**Extracted information**:

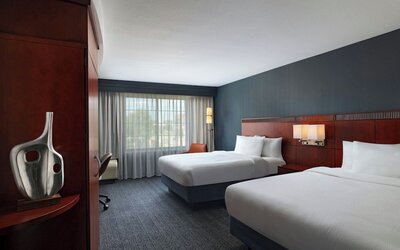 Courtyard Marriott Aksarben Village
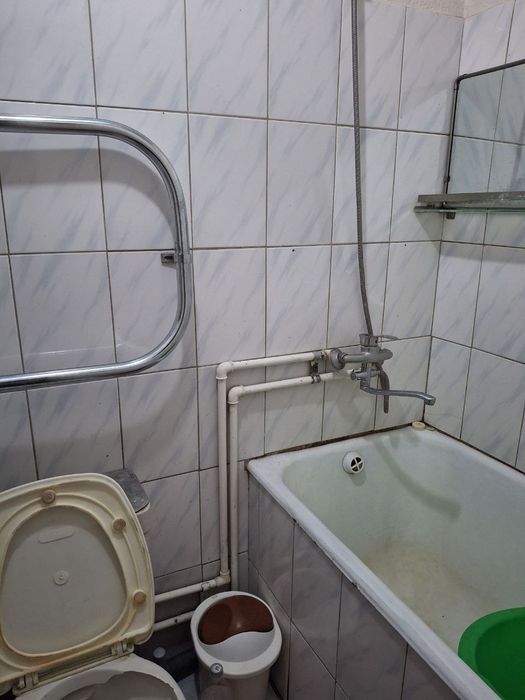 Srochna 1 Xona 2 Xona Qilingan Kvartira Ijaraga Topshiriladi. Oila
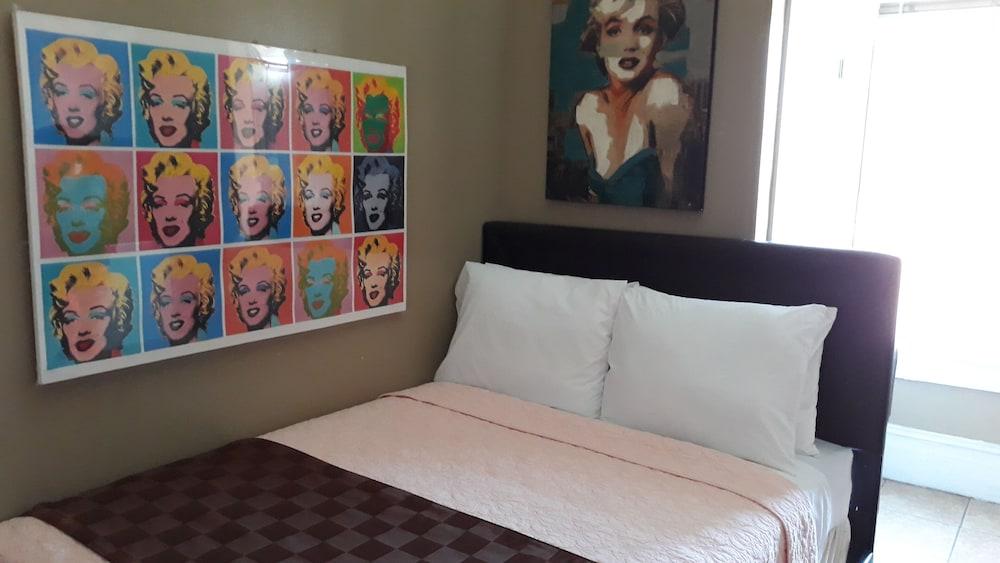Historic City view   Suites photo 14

==

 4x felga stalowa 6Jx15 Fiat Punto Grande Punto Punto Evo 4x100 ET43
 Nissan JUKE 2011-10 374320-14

**Task details**:
Up in the listing, locate the line with "Srochna 1 Xona"; print it and every line after it down to the line with "Historic City view", which is included too. Skip the pictures.

**Written response**:
 Srochna 1 Xona 2 Xona Qilingan Kvartira Ijaraga Topshiriladi. Oila
Historic City view   Suites photo 14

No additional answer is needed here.